Moreover, given that children are the focus of the state’s marital concern, Justice Kagan asked Bursch, would it be constitutional for the state to ask a couple of any kind whether they intend to have any. “I think it would be an unconstitutional invasion of privacy to ask the question,” he replied. The point of his argument was not that the state make procreation and children-rearing a criterion for the marital state, but that it’s consequential to hold out the image of marriage as a procreative, child-nurturing institution as a Platonic ideal.

Speaking for the other side, Portland, Me. attorney Mary Bonauto called this argument “beyond attenuated.” It also, she said, embodied “an impoverished view of what is marriage.” Certainly it embodied a limited view of the state’s interest in marriage. As Bursch put it, “[T]he State doesn’t have an interest in love and emotion at all.”

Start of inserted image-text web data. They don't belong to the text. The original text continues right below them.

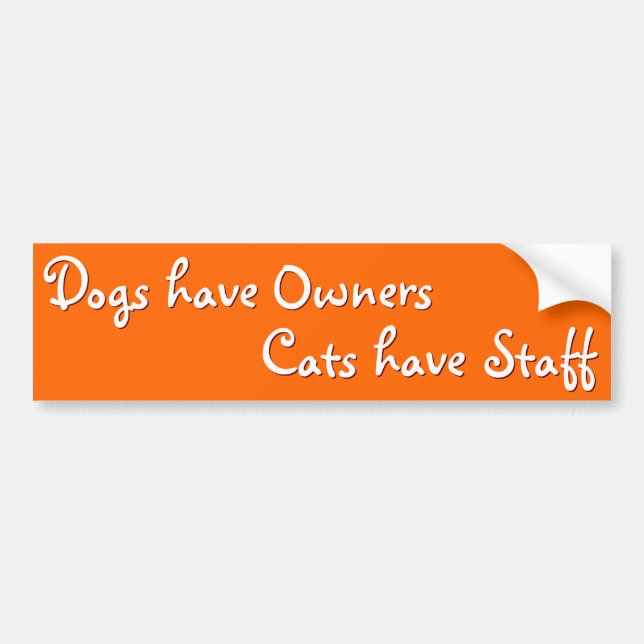 Dogs Owners Cats Staff Funny Humour Bumper Sticker (Front)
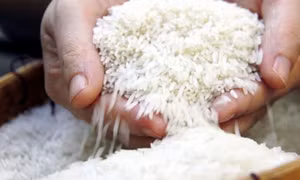 Xuất cấp gạo để hỗ trợ địa phương bị ảnh hưởng của bão số 3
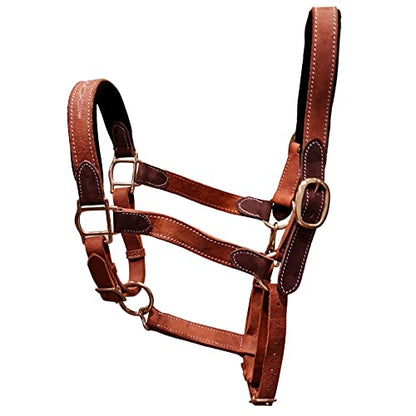 Blazing Paws Vibrania Padded Leather Pony Horse Halter in Two Tone Super Soft Premium Distressed Leather with Solid Brass Hardware (Pony Size, Tan) - color: Tan, size: Pony Size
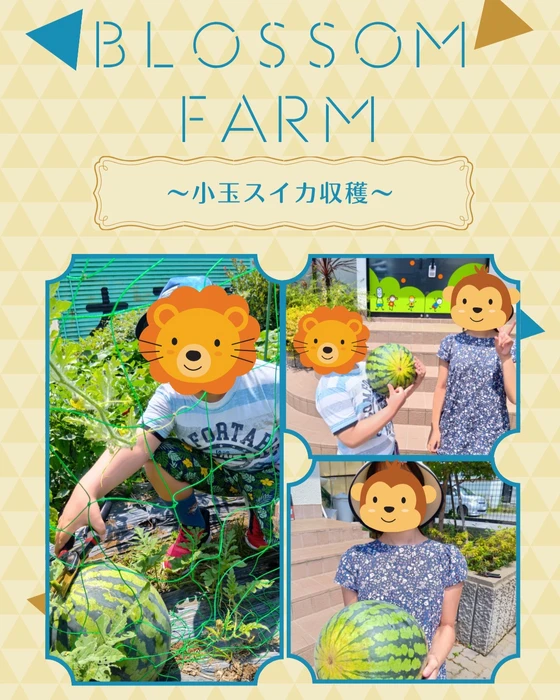 画像666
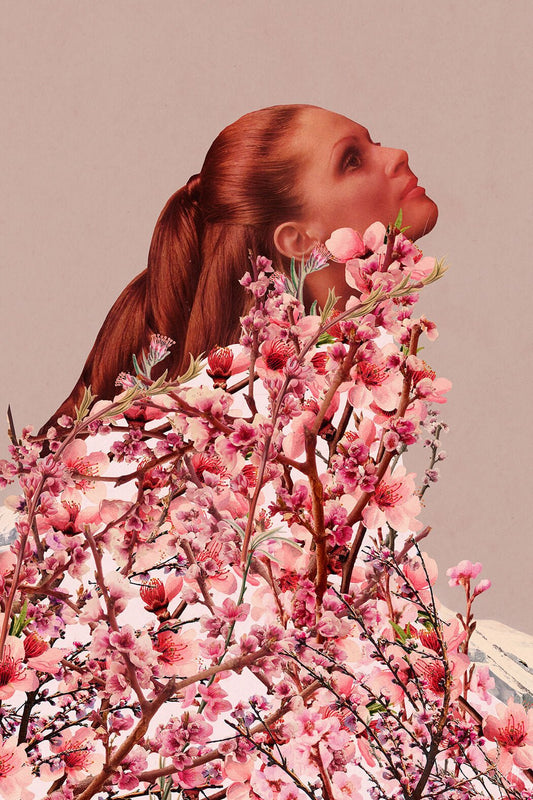 Peach Blossoms of Veria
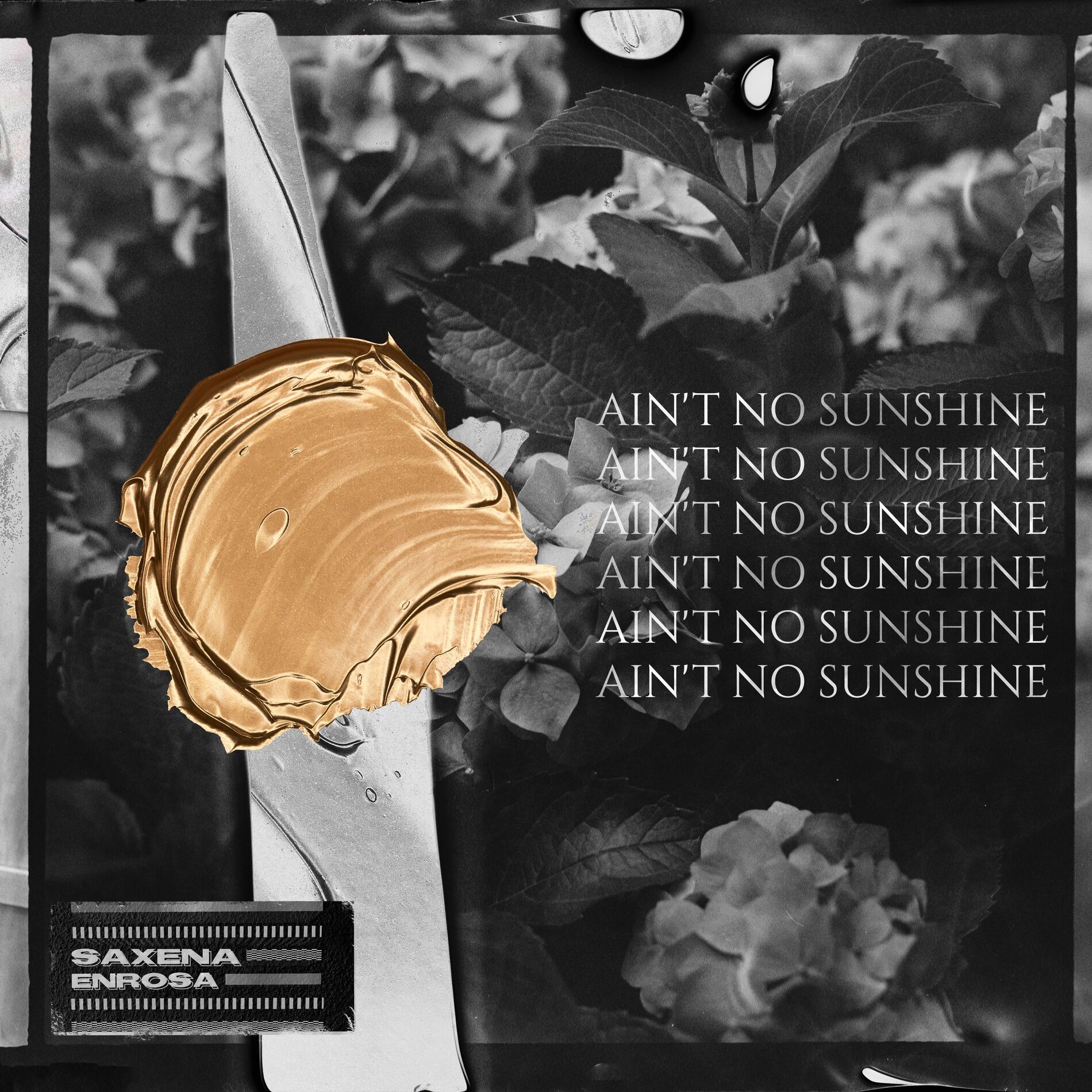 Album cover of Ain't No Sunshine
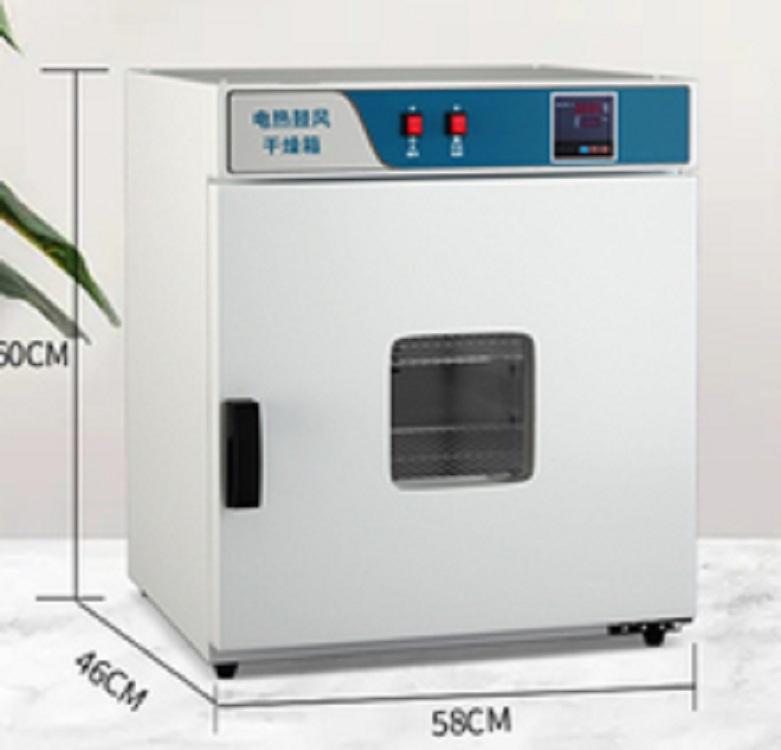 电热恒温干燥箱（不锈钢内胆带鼓风）（）M405439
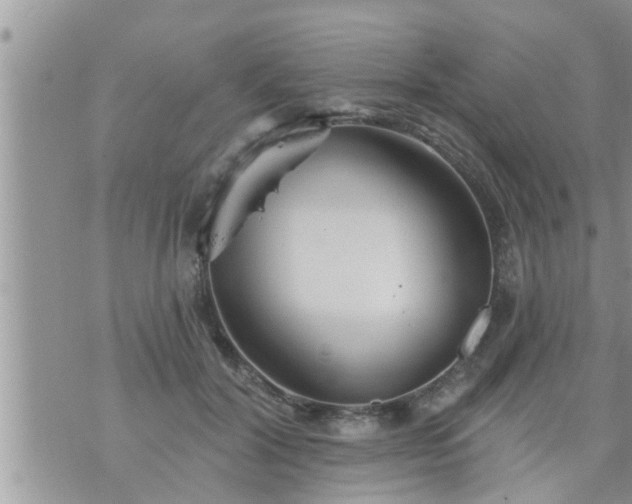 X0000073730604200608101931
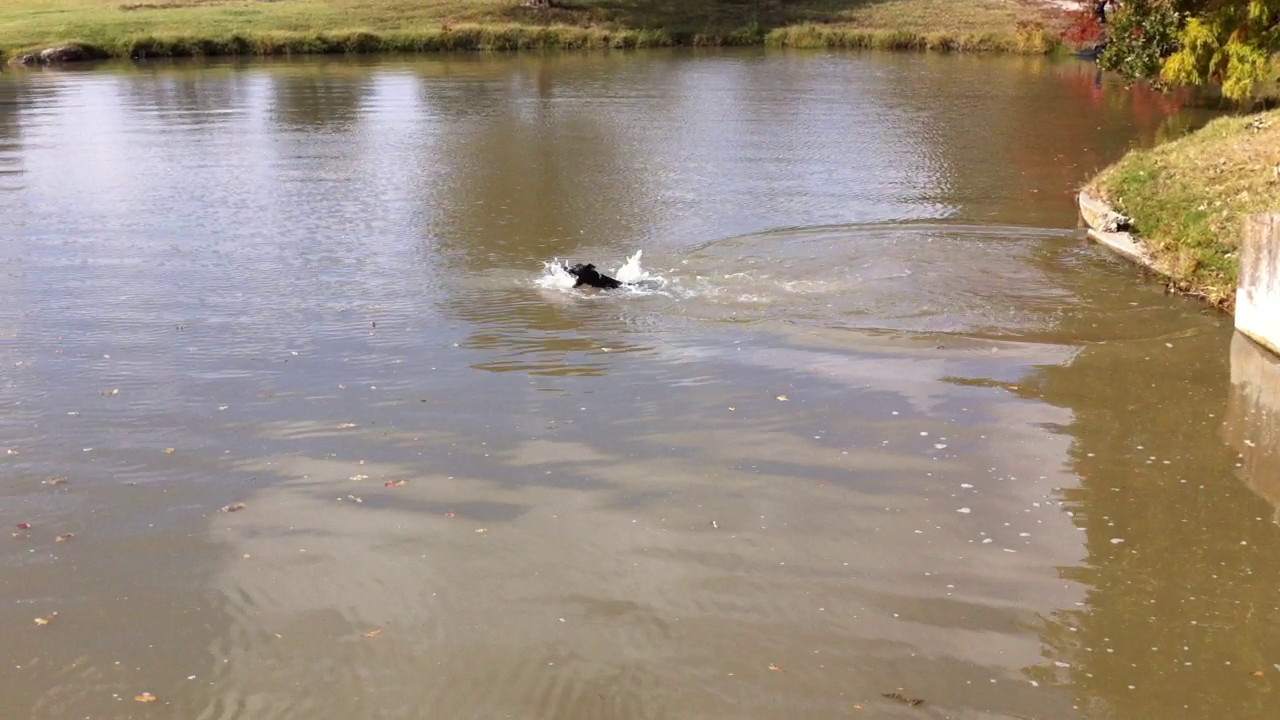 Thrashing Through Water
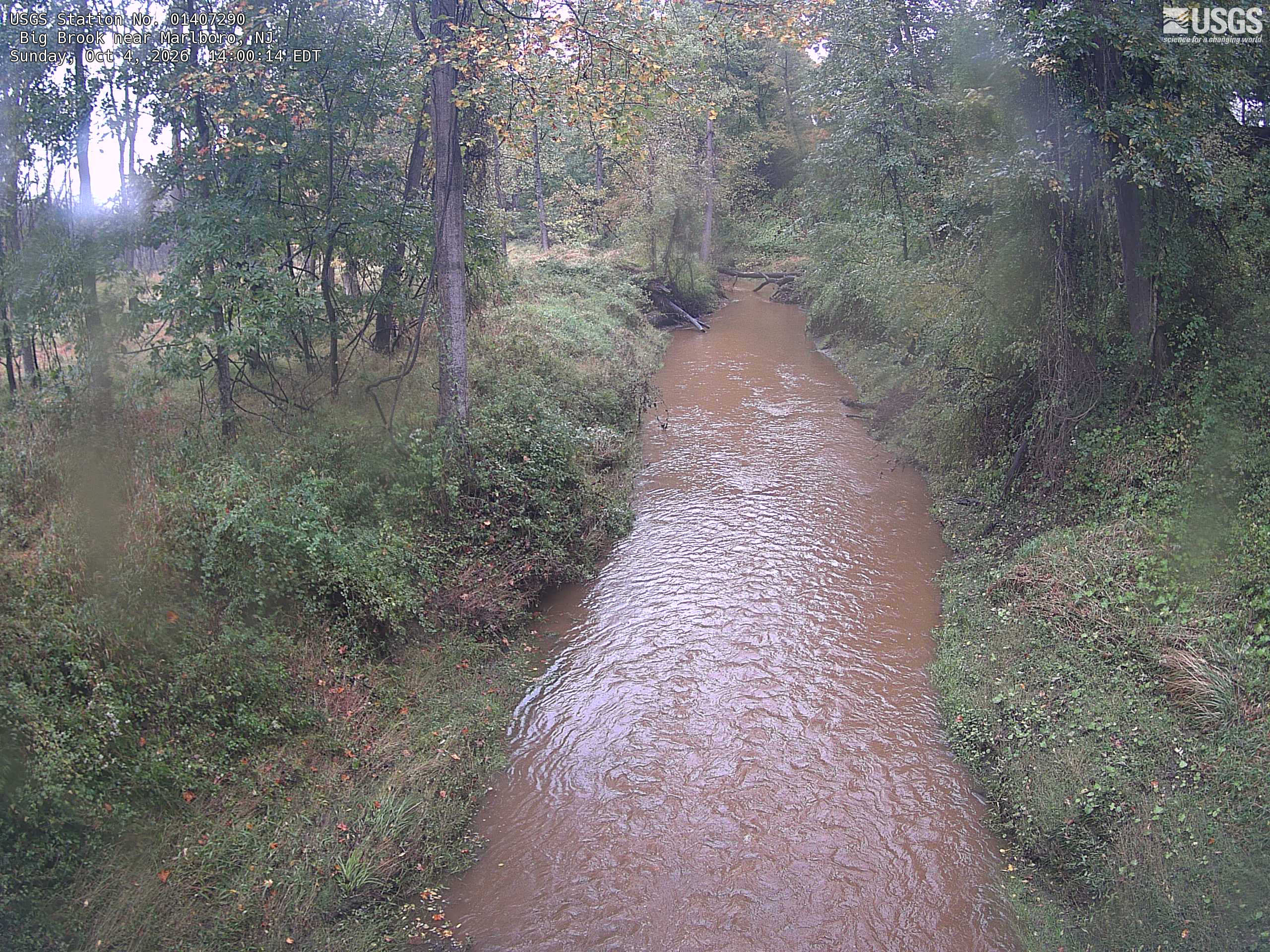 A narrow brown-water brook winds through substantial woodland, with readable green leaves and yellow-orange change overhead.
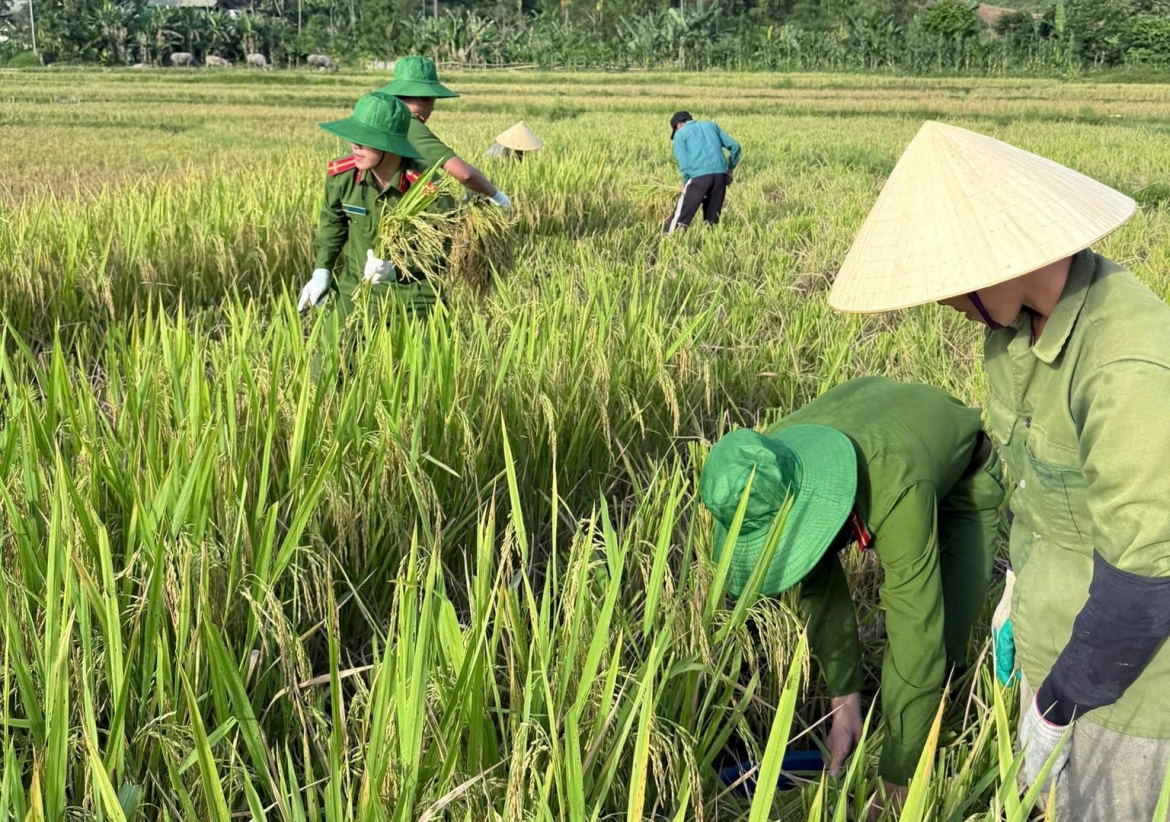 cong an xa xuong dong giup dan thu hoach lua tai thanh hoa hinh anh 10
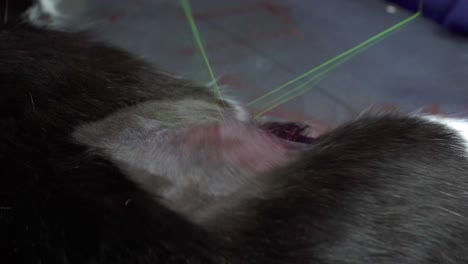 A-veterinarian-sutures-a-wound-after-a-sterilization-surgery-using-pliers,-a-needle,-and-surgical-thread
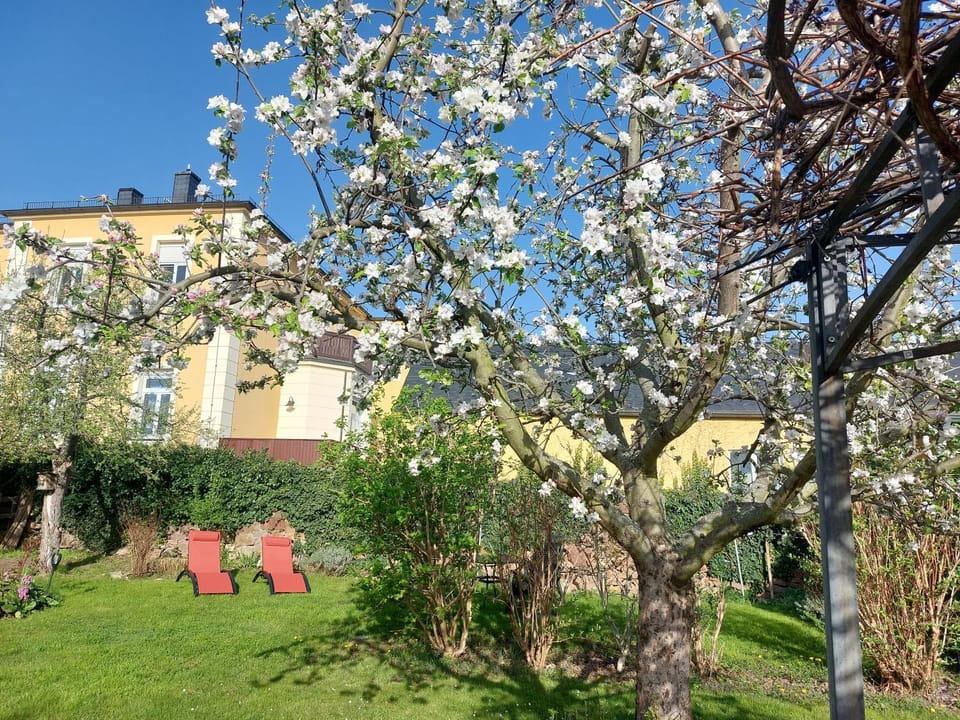 Spring, Garden, Garden view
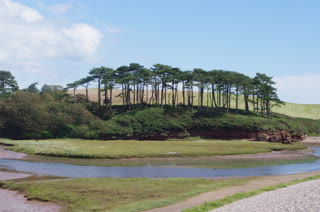 El estuario y los pinos cerca de Orcombe Point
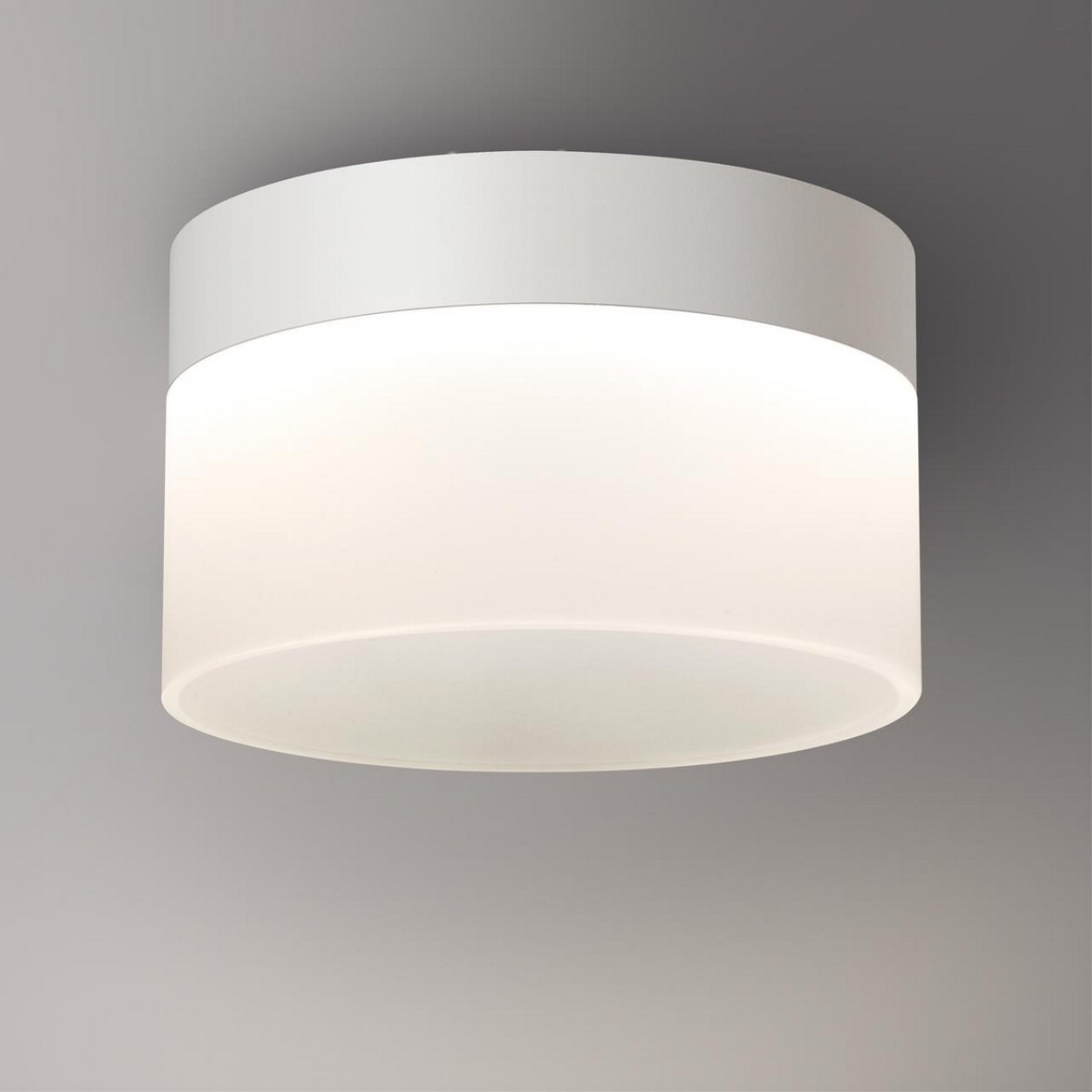 Накладные светодиодные светильники Светильник накладной светодиодный NOVOTECH AURA 359445 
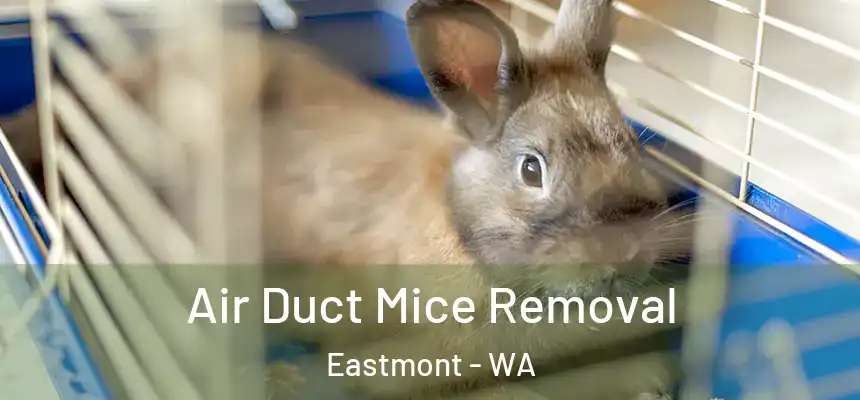  Air Duct Mice Removal Eastmont - WA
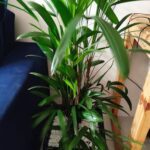 A large green plant is sitting on a table, with a blue couch in the background.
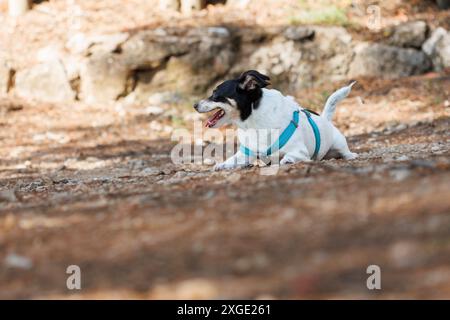 Weibliche Bodeguero-Bussard-Hündin, die nach dem täglichen Spaziergang auf dem Weg liegt, Alcoy, Spanien Stockfoto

Personally, I’m inclined to disagree. When it comes to the health of society, love and emotion, otherwise known as “mutual societie, helpe, and comfort…both in prosperity and adversitye,” have consequences. The state has an interest in those consequences. To think otherwise would be irrational.

  • samuel Johnston

    Hi Mark,
    To me, the winning argument is to avoid judicial fiat of such a broad new policy. Let the legislative process accomplish the change. The history of Roe v. Wade shows the likely path of a similar ruling by the Judiciary. When no consensus has emerged, the Court should tread very carefully. Brown v. Board of Education was an extraordinary situation, and even so, its implementation was hardly smooth or expeditious.

  • Chaplain Martin

    Mark,
    It is interesting to note that in recent blogs from the Baptist Joint Committee for Religious Liberty confirm that this is not a religious freedom issue.
    I quote: “The Baptist Joint Committee is dedicated solely to the issue of religious liberty and the separation of church and state. Accordingly, they do not take a position on other issues like the legal status of same-sex marriage.” Attorney for the committee, Hollyn Hollman on April 27,2015 wrote: “Obergefell v. Hodges, the same-sex marriage case being argued before the U.S. Supreme Court this week, is not a First Amendment case. Its potential impact, however, has increased conversations about religious liberty…”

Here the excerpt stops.